O que sucedeu entretanto? A atualização da legislação do arrendamento urbano, que deu mais liberdade aos senhorios e aumentou objetivamente o valor das rendas. O boom do turismo, fortemente promovido, para Lisboa e Porto, acompanhado da criação dessa nova realidade, legal e fática, que é a do alojamento local. A criação de um regime especial para cidadãos de fora da União Europeia garantindo-lhes livre-circulação neste espaço em troca da aquisição de imobiliário em Portugal. Incentivos fiscais à residência e investimento em Portugal para estrangeiros mesmo intracomunitários. O aumento da facilidade e o decair dos preços do que é viajar de e para Lisboa e a instalação de diversas empresas estrangeiras na cidade. E a consciência alargada de que, numa cidade globalmente depauperada no seu imobiliário e com um nível de vida progressivamente mais elevado e de maior qualidade no espaço público, por aqui se comprava um T4 ao preço de um T0 em Madrid ou em Paris, com uma rentabilidade assegurada. Ou se comprava um pequeno quarteirão ao preço de um prédio pela Europa... Oportunidades.
Talvez esse tempo já tenha passado, na sua exuberância. Mas não se pode dizer que isso ocorreu à revelia ou sem a criação das condições adequadas a esse investimento e, sim, também à especulação pura e dura. Criação de condições por parte dos poderes públicos. Parlamento, Governo e autarquias criaram as condições ideais para se obter a situação que hoje os preocupa... E com ganhos, desde logo financeiros, substanciais, para as nossas entidades públicas e para o nosso orçamento coletivo. Todo o escândalo aparente com que hoje se erguem decisores políticos contra a dificuldade que é a de “uma família de classe média” arrendar a “preços que possam pagar” uma habitação em Lisboa é, na verdade, algo de exótico: é, apenas, uma realidade criada por decisões políticas consecutivas e pela natural adesão do capital e das pessoas a essas mesmas decisões. E com os devidos resultados favoráveis nas urnas. Aqui não pode haver inocentes. Todos escolhemos este resultado. Pois se até um vereador em Lisboa do Bloco de Esquerda era investidor “especulativo” em imobiliário no centro da cidade...
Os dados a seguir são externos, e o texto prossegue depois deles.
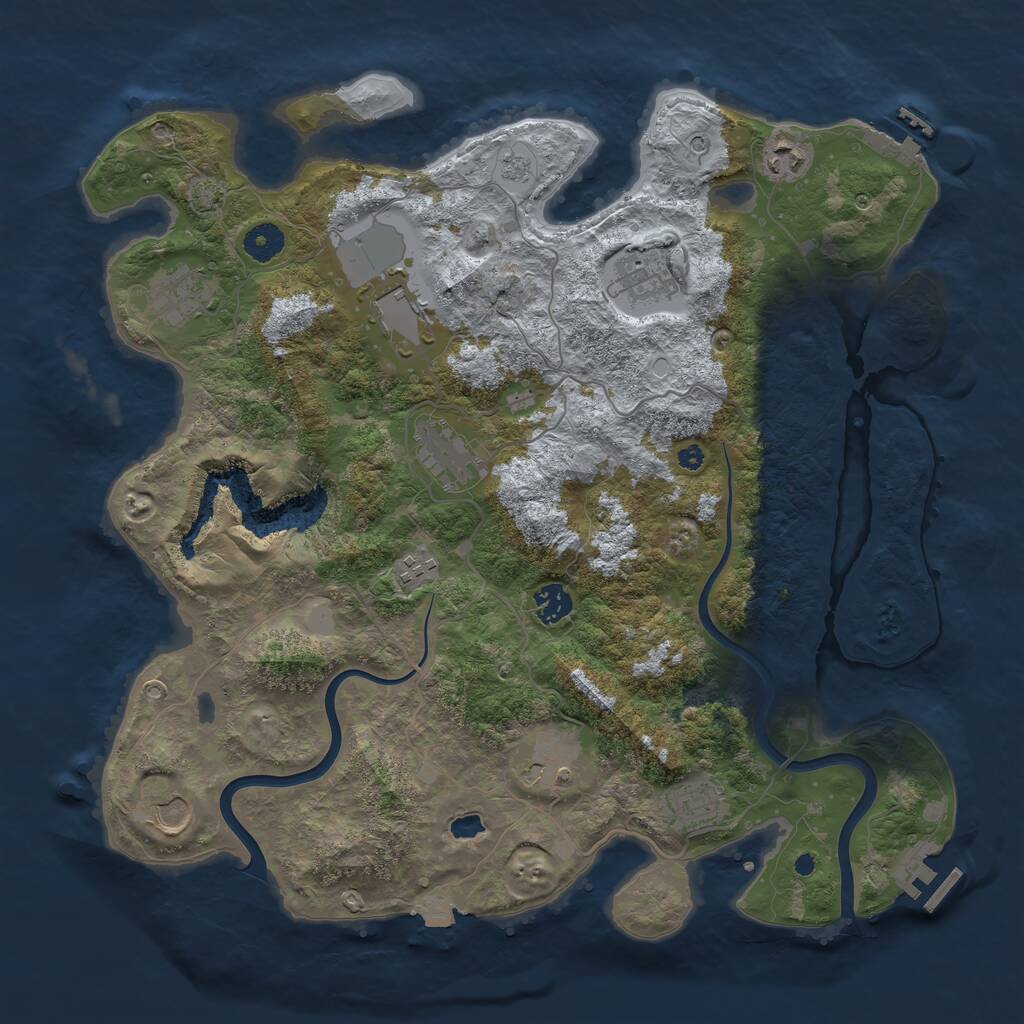 Rust Map: Procedural Map, Size: 4000, Seed: 425632145, 16 Monuments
Não houvesse vistos gold, não houvesse incentivos à reabilitação urbana, não houvesse incentivos ficais à deslocalização para Portugal de estrangeiros, etc., etc . ... – e tudo seria mais barato em termos de habitação. Mas também mais miserável seguramente na sua realidade material, como o foi durante anos. E isso deve ser também ser dito.
Criou-se o risco de termos assim cidades museu, comoVeneza, que servem apenas para o lazer de turistas que nos visitam? Claro que sim. Mas só se pode dizer, no mínimo, que foi um risco calculado e assumido por diversos Governos e governações autárquicas.
E como agora contrabalançar isso com cidades que existem como tal, onde vivem e trabalham pessoas?
Claro que se pode sempre construir e subarrendar “habitação social”, a “custos controlados”, chame-se o que se lhes chamar agora, de acordo com o mais politicamente correto, como sucede neste momento, com custos diversos pagos por todos os contribuintes. Isso pode trazer mais alguns habitantes para Lisboa e adicionar conteúdo a esta cidade. Mas tem seguramente os seus limites, nem que sejam os físicos e financeiros. E porque não também qualificar e melhorar decisivamente o que é viver à volta de Lisboa e Porto, na habitação, no espaço público, na segurança e nos serviços disponíveis, e assegurar transportes com mais qualidade e eficiência entre espaços urbanos?
Quando autarquias geograficamente consecutivas trabalham apenas em competição e na lógica do seu pequeno território e do seu pequeno eleitorado e os governos fazem de conta de que não sabem, pode também dar este resultado. Estamos preocupados com a realidade demográfica do “centro histórico” de Lisboa? Mas preocupemo-nos também com o Barreiro, com Almada, com a Amadora, com o Seixal, com Odivelas, com Loures. Aí há muito a fazer, em termos de habitação e de espaço público, a bem de muitas pessoas concretas.